YOUR INSTRUCTIONS
Pictures appear among the records below and must be omitted. Repeat exactly the lines from the line with "bokomslag Physics And" to the line with "Loc Extensions/ Reattachment 20-49 locs", both included.

INPUT DATA
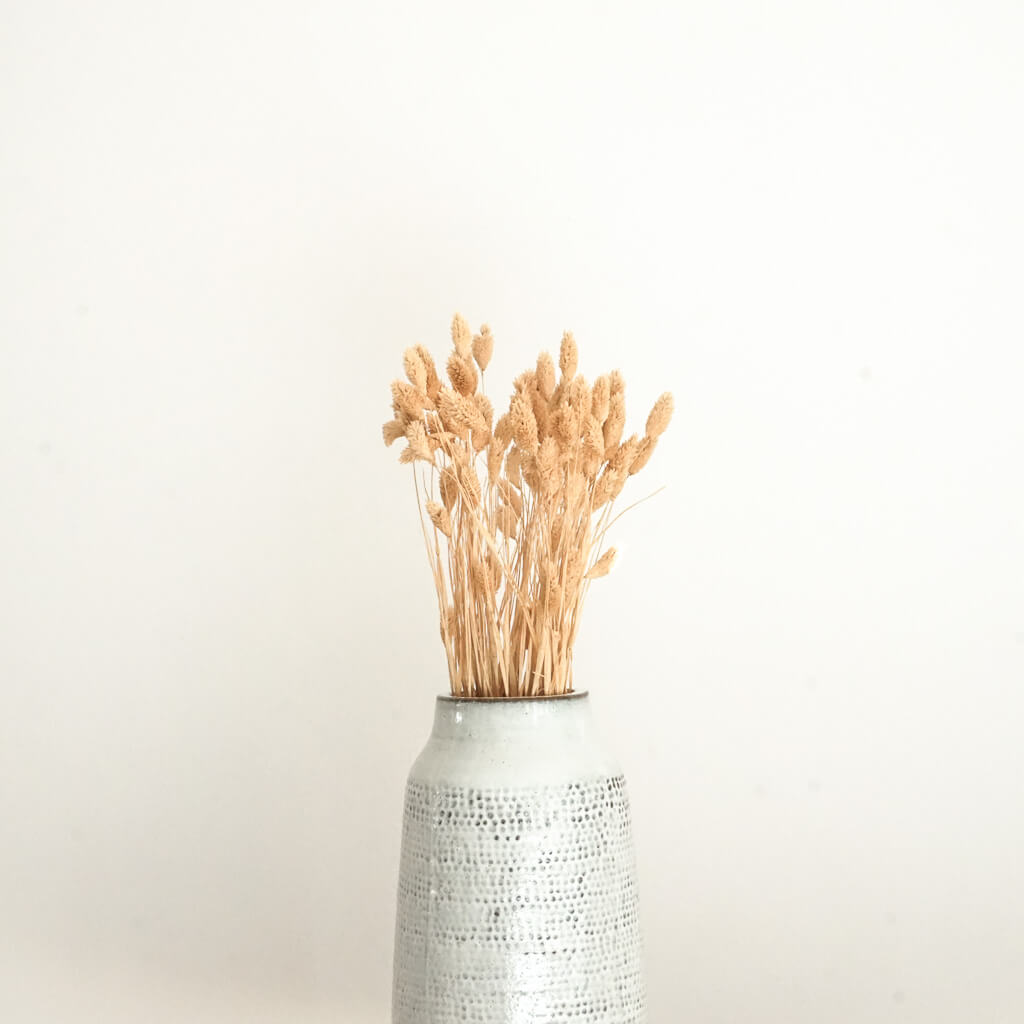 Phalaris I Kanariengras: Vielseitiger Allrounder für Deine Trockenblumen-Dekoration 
==
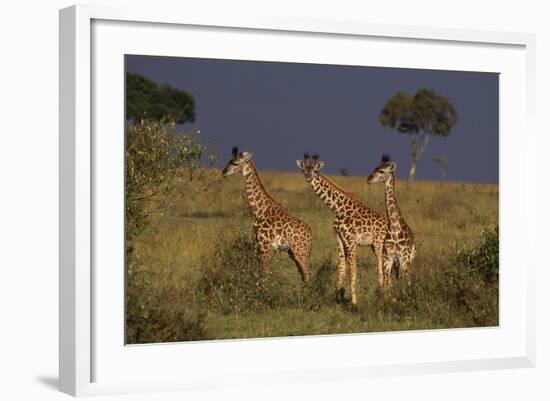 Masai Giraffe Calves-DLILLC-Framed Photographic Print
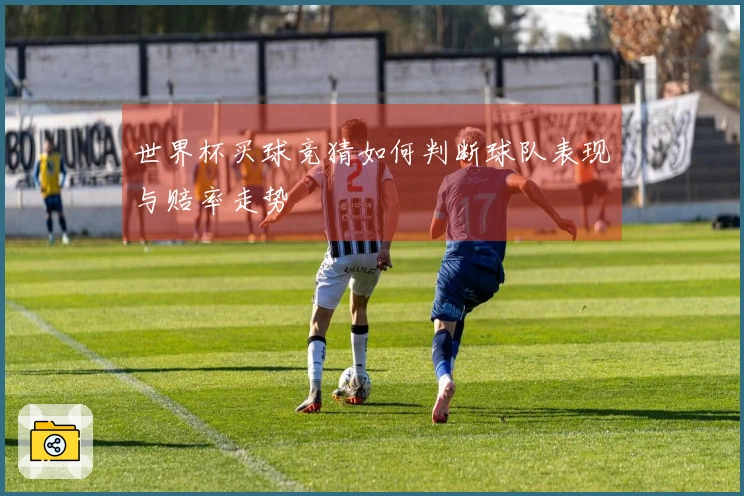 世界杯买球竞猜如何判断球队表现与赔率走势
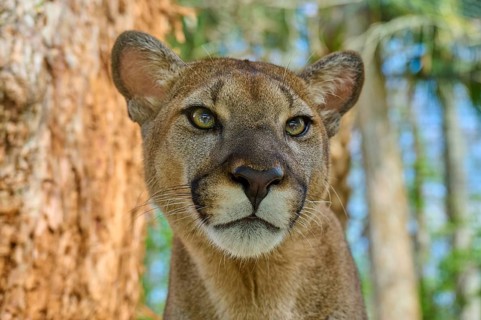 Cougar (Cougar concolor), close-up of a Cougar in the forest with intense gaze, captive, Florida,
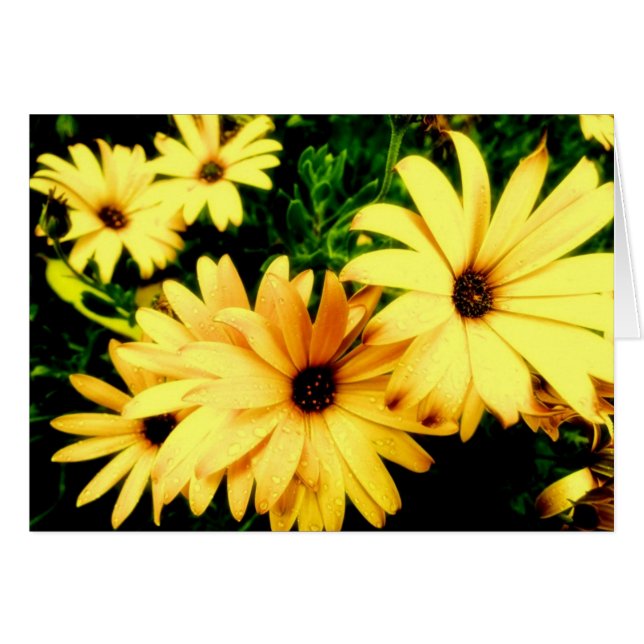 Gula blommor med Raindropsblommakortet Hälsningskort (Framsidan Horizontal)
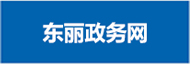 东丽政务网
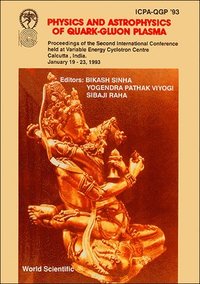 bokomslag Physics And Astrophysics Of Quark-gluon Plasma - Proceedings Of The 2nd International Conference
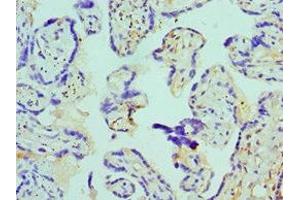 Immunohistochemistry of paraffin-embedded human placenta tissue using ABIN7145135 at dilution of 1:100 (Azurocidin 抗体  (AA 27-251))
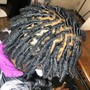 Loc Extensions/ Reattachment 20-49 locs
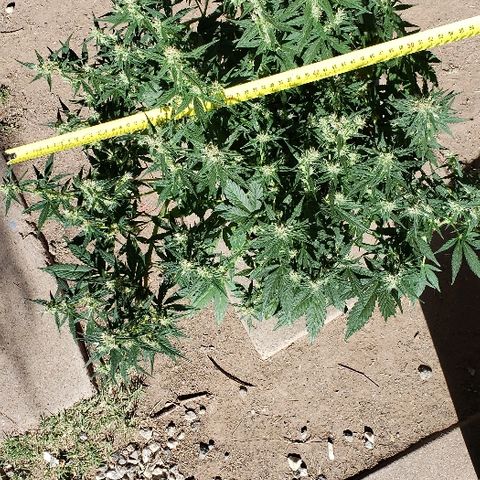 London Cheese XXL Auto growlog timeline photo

EXERCISE RESPONSE
 bokomslag Physics And Astrophysics Of Quark-gluon Plasma - Proceedings Of The 2nd International Conference
 Immunohistochemistry of paraffin-embedded human placenta tissue using ABIN7145135 at dilution of 1:100 (Azurocidin 抗体  (AA 27-251))
 Loc Extensions/ Reattachment 20-49 locs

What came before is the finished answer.